= PROBLEM STATEMENT =
Return the entire listing, character for character.

= DATASET EXCERPT =
● ● ● ● ● ● ●

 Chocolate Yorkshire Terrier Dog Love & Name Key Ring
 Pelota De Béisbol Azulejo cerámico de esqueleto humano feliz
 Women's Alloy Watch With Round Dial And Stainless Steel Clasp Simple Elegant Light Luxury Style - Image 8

● ● ● ● ● ● ●

= YOUR SOLUTION =
 Chocolate Yorkshire Terrier Dog Love & Name Key Ring
 Pelota De Béisbol Azulejo cerámico de esqueleto humano feliz
 Women's Alloy Watch With Round Dial And Stainless Steel Clasp Simple Elegant Light Luxury Style - Image 8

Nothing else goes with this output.